Retype each entry exactly.

═══ RECORDS FOR THE EXERCISE

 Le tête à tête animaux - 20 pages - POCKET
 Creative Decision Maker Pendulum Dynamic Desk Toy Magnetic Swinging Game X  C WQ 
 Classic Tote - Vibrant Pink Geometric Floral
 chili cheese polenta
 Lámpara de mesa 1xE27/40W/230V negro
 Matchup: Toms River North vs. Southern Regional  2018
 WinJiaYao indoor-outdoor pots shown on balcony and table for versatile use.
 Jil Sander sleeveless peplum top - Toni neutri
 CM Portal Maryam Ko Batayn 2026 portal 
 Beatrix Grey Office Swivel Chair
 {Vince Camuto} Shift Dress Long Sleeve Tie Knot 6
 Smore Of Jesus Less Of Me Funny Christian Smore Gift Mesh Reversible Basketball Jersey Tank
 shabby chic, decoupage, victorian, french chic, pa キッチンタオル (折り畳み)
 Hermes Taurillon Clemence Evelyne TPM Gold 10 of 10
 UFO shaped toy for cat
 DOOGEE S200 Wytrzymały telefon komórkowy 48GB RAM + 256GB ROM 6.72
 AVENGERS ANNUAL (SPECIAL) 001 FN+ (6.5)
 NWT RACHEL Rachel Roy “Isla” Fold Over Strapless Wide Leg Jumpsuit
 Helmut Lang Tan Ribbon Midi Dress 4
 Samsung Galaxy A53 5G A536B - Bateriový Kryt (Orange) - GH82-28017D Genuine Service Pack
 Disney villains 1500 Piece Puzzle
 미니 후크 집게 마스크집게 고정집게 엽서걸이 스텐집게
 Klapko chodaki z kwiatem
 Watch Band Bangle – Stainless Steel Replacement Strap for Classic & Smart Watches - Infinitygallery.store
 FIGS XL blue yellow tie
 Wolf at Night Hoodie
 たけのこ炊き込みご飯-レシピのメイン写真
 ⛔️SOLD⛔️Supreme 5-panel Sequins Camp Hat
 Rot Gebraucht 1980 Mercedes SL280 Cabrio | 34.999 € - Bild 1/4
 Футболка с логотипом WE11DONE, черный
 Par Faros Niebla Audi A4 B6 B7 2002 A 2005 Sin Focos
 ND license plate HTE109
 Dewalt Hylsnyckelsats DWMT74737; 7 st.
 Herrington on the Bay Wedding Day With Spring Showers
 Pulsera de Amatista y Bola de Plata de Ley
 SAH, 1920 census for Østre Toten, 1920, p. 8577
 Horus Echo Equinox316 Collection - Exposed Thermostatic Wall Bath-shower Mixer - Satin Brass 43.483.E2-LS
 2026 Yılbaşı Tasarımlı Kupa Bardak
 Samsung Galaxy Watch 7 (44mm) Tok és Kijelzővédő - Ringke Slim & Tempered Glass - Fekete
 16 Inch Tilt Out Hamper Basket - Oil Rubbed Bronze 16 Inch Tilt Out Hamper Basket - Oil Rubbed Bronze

══════

▸ OUTPUT OF THE TASK:
 Le tête à tête animaux - 20 pages - POCKET
 Creative Decision Maker Pendulum Dynamic Desk Toy Magnetic Swinging Game X  C WQ 
 Classic Tote - Vibrant Pink Geometric Floral
 chili cheese polenta
 Lámpara de mesa 1xE27/40W/230V negro
 Matchup: Toms River North vs. Southern Regional  2018
 WinJiaYao indoor-outdoor pots shown on balcony and table for versatile use.
 Jil Sander sleeveless peplum top - Toni neutri
 CM Portal Maryam Ko Batayn 2026 portal 
 Beatrix Grey Office Swivel Chair
 {Vince Camuto} Shift Dress Long Sleeve Tie Knot 6
 Smore Of Jesus Less Of Me Funny Christian Smore Gift Mesh Reversible Basketball Jersey Tank
 shabby chic, decoupage, victorian, french chic, pa キッチンタオル (折り畳み)
 Hermes Taurillon Clemence Evelyne TPM Gold 10 of 10
 UFO shaped toy for cat
 DOOGEE S200 Wytrzymały telefon komórkowy 48GB RAM + 256GB ROM 6.72
 AVENGERS ANNUAL (SPECIAL) 001 FN+ (6.5)
 NWT RACHEL Rachel Roy “Isla” Fold Over Strapless Wide Leg Jumpsuit
 Helmut Lang Tan Ribbon Midi Dress 4
 Samsung Galaxy A53 5G A536B - Bateriový Kryt (Orange) - GH82-28017D Genuine Service Pack
 Disney villains 1500 Piece Puzzle
 미니 후크 집게 마스크집게 고정집게 엽서걸이 스텐집게
 Klapko chodaki z kwiatem
 Watch Band Bangle – Stainless Steel Replacement Strap for Classic & Smart Watches - Infinitygallery.store
 FIGS XL blue yellow tie
 Wolf at Night Hoodie
 たけのこ炊き込みご飯-レシピのメイン写真
 ⛔️SOLD⛔️Supreme 5-panel Sequins Camp Hat
 Rot Gebraucht 1980 Mercedes SL280 Cabrio | 34.999 € - Bild 1/4
 Футболка с логотипом WE11DONE, черный
 Par Faros Niebla Audi A4 B6 B7 2002 A 2005 Sin Focos
 ND license plate HTE109
 Dewalt Hylsnyckelsats DWMT74737; 7 st.
 Herrington on the Bay Wedding Day With Spring Showers
 Pulsera de Amatista y Bola de Plata de Ley
 SAH, 1920 census for Østre Toten, 1920, p. 8577
 Horus Echo Equinox316 Collection - Exposed Thermostatic Wall Bath-shower Mixer - Satin Brass 43.483.E2-LS
 2026 Yılbaşı Tasarımlı Kupa Bardak
 Samsung Galaxy Watch 7 (44mm) Tok és Kijelzővédő - Ringke Slim & Tempered Glass - Fekete
 16 Inch Tilt Out Hamper Basket - Oil Rubbed Bronze 16 Inch Tilt Out Hamper Basket - Oil Rubbed Bronze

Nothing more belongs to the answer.